Directions for this task
For the records that follow, please set down exactly the lines between the one holding "Zip-Up Hoodie with" and the one holding "Thú Nhồi Bông", inclusive, and only those.

Records to process

****

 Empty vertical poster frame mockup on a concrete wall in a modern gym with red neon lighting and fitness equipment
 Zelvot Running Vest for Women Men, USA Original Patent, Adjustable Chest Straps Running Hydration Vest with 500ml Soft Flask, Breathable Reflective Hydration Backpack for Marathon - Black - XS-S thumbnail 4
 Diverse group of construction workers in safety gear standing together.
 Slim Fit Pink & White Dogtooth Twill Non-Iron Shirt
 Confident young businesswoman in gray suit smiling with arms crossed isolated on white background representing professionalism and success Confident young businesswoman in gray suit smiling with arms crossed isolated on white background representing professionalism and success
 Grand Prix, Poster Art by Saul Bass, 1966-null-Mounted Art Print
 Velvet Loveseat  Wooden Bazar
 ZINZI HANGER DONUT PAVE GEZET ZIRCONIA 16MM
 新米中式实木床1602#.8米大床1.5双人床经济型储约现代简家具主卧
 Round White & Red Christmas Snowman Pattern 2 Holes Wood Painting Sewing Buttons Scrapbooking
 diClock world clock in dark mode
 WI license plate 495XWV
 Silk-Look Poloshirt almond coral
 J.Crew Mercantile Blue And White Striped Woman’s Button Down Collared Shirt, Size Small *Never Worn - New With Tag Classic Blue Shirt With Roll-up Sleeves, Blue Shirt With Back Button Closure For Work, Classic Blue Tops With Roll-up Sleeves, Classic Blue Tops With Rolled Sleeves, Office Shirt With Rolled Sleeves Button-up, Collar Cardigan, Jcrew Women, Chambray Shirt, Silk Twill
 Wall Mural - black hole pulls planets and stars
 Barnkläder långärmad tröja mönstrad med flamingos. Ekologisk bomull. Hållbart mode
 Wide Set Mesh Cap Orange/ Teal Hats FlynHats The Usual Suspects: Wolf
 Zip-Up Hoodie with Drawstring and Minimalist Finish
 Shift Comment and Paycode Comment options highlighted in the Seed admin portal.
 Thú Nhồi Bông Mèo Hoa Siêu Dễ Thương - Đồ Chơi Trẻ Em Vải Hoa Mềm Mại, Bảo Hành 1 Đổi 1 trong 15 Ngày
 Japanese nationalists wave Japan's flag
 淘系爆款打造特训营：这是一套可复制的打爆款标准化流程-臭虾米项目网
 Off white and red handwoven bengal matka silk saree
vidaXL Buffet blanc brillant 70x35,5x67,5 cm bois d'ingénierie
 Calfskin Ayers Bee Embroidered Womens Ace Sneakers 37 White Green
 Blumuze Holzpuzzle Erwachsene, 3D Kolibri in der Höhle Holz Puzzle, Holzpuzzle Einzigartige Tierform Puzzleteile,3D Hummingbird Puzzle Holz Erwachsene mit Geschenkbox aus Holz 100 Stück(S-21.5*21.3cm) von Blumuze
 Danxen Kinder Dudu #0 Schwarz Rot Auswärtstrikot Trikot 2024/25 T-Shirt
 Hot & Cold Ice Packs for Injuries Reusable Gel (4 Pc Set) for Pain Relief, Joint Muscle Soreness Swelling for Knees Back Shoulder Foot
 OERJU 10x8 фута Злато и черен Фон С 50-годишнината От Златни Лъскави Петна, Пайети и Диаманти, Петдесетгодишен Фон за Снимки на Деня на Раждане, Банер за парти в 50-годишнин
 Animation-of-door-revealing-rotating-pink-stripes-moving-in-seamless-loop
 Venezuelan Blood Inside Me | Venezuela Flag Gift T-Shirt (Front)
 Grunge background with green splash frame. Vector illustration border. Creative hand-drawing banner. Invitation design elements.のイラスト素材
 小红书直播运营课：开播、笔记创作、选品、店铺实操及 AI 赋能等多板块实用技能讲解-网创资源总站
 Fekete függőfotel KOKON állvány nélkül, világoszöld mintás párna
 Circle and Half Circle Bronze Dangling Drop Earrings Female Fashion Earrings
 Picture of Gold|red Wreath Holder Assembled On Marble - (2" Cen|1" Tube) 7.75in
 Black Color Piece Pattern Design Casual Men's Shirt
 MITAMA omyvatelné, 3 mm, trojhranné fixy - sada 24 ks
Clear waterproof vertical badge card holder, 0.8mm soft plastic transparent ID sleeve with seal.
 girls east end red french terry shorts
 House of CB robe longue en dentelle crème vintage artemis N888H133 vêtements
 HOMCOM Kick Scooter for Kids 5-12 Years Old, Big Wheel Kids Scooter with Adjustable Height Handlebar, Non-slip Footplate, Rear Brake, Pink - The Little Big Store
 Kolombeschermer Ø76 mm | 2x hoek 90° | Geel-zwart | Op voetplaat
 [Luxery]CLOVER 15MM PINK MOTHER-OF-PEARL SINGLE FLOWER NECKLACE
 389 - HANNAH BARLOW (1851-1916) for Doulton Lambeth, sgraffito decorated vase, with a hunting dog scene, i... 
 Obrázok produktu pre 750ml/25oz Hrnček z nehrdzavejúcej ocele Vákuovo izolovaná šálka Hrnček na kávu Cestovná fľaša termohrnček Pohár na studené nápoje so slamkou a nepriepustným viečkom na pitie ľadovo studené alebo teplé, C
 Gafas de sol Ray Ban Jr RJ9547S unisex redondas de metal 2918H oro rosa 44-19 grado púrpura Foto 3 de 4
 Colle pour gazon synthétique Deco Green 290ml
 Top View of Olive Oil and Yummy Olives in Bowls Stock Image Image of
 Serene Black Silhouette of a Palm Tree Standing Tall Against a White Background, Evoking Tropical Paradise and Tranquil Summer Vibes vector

****

Answer for the task
 Zip-Up Hoodie with Drawstring and Minimalist Finish
 Shift Comment and Paycode Comment options highlighted in the Seed admin portal.
 Thú Nhồi Bông Mèo Hoa Siêu Dễ Thương - Đồ Chơi Trẻ Em Vải Hoa Mềm Mại, Bảo Hành 1 Đổi 1 trong 15 Ngày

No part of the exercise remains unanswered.